## Work task
Copy out the data below from the line containing "a kitchen with" to the line containing "A woman stands in a bakery.", both lines included, with all images left out.

## Input
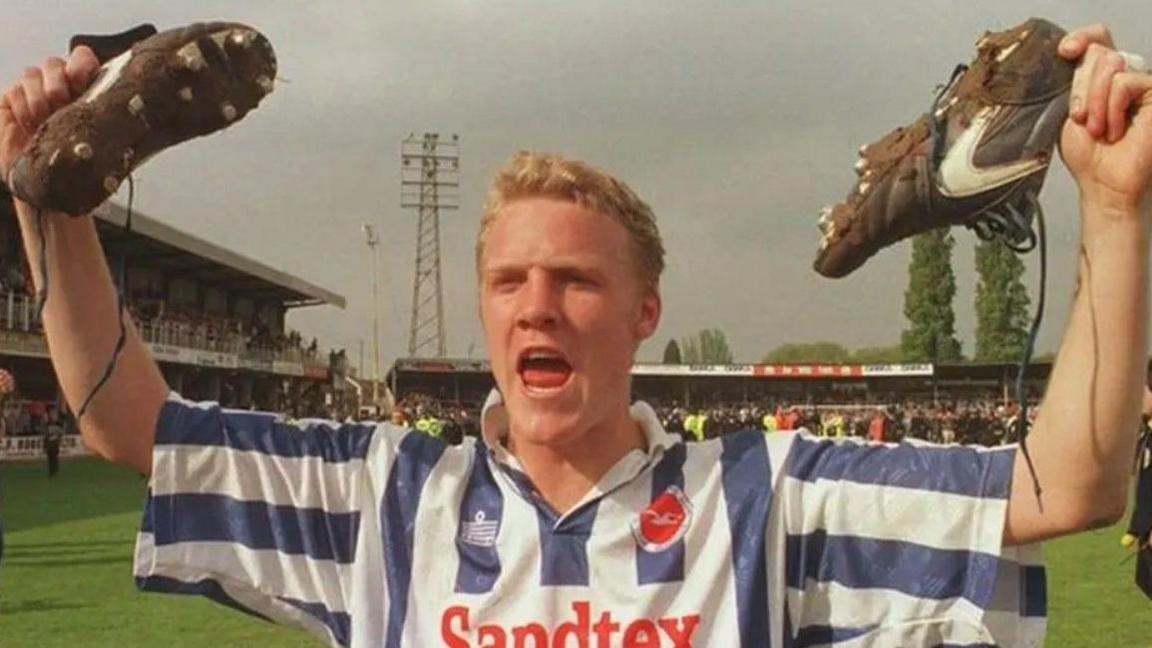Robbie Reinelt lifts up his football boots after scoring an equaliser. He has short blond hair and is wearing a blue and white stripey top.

* * *

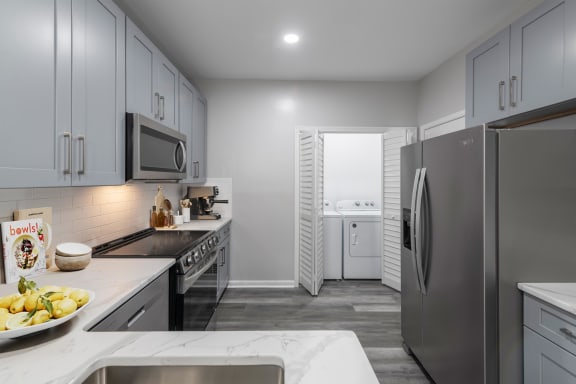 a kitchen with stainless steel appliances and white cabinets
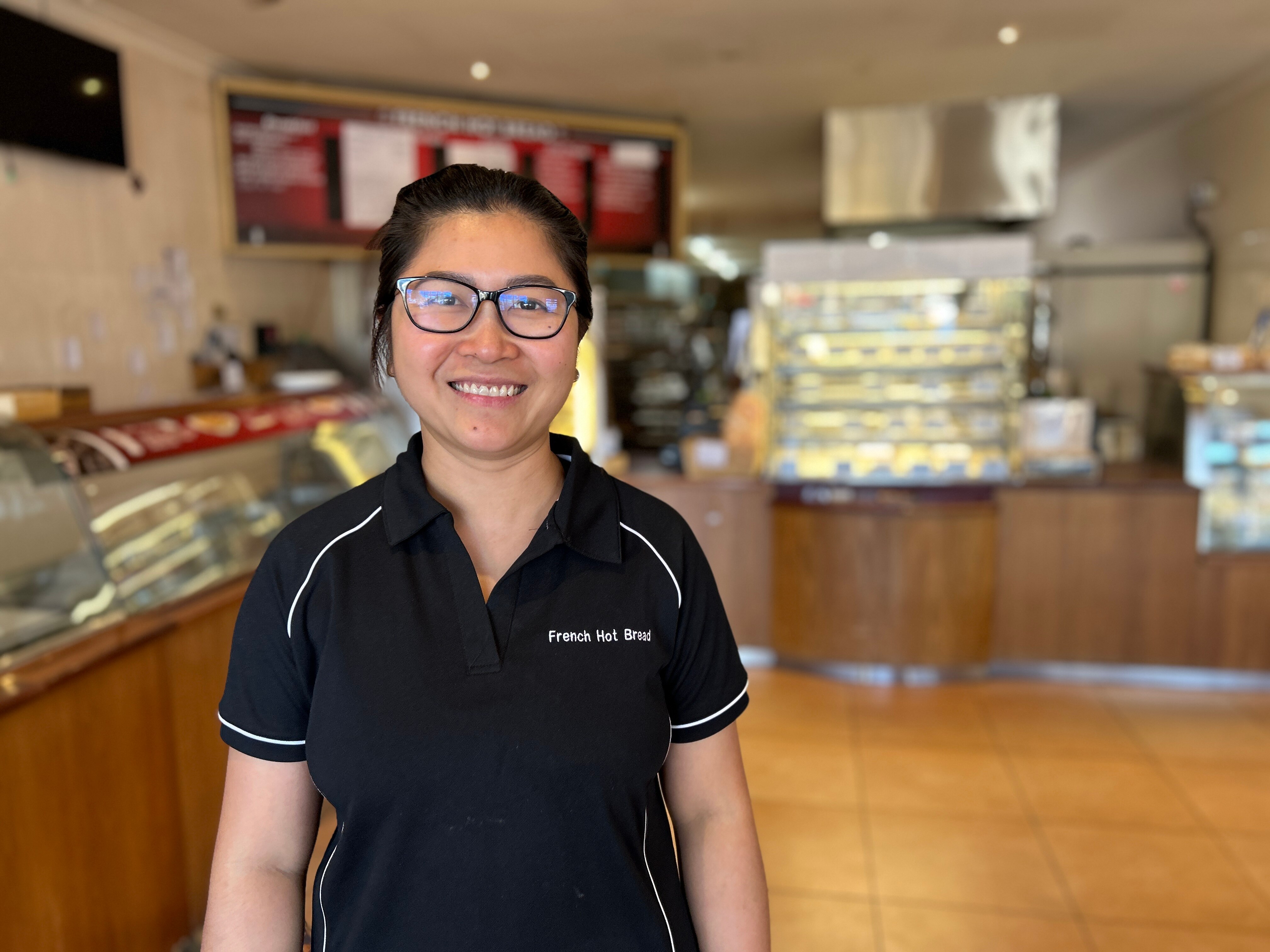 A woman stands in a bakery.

## Solution for this exercise
 a kitchen with stainless steel appliances and white cabinets
 A woman stands in a bakery.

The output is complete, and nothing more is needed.